## EXTRACTED RECORDS
========================================

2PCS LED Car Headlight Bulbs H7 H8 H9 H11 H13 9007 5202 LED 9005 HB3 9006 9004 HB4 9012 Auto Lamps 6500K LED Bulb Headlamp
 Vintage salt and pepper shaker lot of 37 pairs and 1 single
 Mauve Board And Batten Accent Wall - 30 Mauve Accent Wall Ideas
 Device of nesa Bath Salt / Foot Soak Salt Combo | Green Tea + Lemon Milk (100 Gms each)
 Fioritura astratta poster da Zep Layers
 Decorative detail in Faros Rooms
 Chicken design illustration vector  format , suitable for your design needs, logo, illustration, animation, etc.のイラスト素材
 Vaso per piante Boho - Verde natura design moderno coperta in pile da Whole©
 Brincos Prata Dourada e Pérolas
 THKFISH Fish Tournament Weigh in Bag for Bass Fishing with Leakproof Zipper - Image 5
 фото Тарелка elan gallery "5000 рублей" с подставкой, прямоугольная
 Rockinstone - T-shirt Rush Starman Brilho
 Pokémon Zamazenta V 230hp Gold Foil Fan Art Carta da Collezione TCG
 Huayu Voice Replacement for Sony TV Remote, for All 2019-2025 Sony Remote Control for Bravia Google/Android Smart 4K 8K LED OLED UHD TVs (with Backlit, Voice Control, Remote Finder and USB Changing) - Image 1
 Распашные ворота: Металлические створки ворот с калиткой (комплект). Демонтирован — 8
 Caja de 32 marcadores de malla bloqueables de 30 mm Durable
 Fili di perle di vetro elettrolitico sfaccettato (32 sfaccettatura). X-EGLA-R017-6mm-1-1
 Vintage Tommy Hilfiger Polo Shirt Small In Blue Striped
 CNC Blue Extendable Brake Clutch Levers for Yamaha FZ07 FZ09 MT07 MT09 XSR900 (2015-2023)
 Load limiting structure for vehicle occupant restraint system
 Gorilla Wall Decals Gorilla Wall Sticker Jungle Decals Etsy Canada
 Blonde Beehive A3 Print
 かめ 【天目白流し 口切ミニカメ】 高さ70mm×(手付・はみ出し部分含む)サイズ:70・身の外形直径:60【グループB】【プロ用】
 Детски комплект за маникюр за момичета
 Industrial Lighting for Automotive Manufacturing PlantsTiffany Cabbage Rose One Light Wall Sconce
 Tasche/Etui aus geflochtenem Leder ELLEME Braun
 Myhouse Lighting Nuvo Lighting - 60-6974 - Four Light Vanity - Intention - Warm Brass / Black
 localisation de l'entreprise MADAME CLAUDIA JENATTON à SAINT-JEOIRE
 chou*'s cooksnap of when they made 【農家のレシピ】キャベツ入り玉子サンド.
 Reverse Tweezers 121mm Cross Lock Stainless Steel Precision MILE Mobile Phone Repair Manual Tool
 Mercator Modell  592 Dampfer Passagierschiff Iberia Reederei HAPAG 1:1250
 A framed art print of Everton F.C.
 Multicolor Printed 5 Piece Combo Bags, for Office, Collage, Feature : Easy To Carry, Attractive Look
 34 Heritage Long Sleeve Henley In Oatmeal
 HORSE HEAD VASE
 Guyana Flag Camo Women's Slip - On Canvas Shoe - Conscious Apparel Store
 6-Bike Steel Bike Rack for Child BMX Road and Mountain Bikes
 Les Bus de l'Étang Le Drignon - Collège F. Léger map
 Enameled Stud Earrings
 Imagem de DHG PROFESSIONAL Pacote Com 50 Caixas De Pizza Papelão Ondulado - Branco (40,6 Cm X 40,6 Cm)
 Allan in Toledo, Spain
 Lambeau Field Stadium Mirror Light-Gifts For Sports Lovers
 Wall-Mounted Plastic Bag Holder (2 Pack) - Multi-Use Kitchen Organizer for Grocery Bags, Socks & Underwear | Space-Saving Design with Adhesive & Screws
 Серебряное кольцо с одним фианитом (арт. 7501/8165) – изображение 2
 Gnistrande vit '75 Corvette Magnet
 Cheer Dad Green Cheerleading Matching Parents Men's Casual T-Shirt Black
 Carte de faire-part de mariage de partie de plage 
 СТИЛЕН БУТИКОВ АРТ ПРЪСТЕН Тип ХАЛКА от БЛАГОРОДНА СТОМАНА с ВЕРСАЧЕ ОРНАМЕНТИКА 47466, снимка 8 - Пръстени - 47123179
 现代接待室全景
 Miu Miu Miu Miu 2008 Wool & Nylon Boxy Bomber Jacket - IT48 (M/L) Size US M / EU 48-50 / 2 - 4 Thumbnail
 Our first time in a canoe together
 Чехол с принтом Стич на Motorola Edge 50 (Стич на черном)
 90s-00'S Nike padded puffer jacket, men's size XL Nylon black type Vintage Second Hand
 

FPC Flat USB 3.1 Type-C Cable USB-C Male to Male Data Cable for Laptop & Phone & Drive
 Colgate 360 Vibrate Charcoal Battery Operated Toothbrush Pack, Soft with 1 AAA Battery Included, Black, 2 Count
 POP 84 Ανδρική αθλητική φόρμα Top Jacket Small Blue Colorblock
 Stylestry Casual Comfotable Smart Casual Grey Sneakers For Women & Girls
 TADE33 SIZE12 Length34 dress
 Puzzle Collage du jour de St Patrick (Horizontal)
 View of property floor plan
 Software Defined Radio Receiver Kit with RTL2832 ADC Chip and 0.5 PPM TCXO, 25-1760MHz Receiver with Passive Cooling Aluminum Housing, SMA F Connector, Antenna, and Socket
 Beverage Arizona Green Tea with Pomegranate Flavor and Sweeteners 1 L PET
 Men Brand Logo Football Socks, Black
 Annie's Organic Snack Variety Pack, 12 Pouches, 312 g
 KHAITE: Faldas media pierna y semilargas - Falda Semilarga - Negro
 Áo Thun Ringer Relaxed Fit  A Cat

========================================

## ABOUT THIS TASK
From the listing above, collect each line in which the string "комплект" appears.

## RESPONSE AREA
 Распашные ворота: Металлические створки ворот с калиткой (комплект). Демонтирован — 8
 Детски комплект за маникюр за момичета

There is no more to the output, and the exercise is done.